Llevé al joven Lisis a casa de Euclides, y entramos en una pieza de la biblioteca que únicamente contenía obras de poesía y de moral, unas muy numerosas y otras en corto número; quedose Lisis sorprendido de esta desproporción, y Euclides le dijo: «Bastan pocos libros para instruir a los hombres, y se necesitan muchos para divertirlos». Enseñonos luego las obras que han salido a luz en diferentes épocas, bajo los nombres de Orfeo, de Museo, de Tamiris, de Lino, de Antetes, Panfo, Olén, Ábaris, Epiménides, etc. Unas no contienen más que himnos sagrados y lamentaciones; otras tratan de los sacrificios, de los oráculos, de las expiaciones y de los encantamientos. En algunas, y particularmente en el ciclo épico que es una recolección de tradiciones fabulosas, están descritas las genealogías de los dioses, la guerra de los titanes, la expedición de los argonautas y las guerras de Tebas y de Troya. Como la mayor parte de estas obras no son de los autores cuyos nombres tienen al frente, Euclides descuidó ponerlas en un orden determinado.
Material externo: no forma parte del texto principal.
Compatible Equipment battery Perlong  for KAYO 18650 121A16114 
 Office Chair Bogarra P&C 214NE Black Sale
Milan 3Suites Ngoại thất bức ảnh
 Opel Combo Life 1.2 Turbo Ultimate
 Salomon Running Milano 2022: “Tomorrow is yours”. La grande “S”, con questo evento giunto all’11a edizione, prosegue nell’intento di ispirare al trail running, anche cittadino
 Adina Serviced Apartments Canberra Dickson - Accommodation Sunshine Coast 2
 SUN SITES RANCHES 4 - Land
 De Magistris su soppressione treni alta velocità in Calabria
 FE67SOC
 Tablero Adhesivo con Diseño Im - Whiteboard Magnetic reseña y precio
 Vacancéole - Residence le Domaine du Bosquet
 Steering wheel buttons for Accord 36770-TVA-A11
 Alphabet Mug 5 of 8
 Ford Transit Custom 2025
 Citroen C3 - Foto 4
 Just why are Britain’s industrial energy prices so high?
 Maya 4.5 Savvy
En seguida estaban las de Hesíodo y de Homero: este último estaba escoltado, digámoslo así, de un cuerpo terrible de intérpretes y de comentadores. A su ejemplo muchos poetas intentaron cantar la guerra de Troya, siendo uno de ellos Lesques, que empezó su obra con estas palabras enfáticas: Yo canto la fortuna de Príamo y la guerra famosa, etc. El mismo Lesques en su Pequeña Ilíada y Diceógenes en sus Ciprios describieron todos los acontecimientos de esta guerra. Los poemas de la Heracleida y de la Teseida no omiten ninguna de las hazañas de Heracles y de Teseo. Estos autores nunca conocieron la naturaleza de la epopeya y, no obstante, estaban puestos a continuación de Homero, y se perdían entre sus rayos, así como se pierden las estrellas entre los del sol.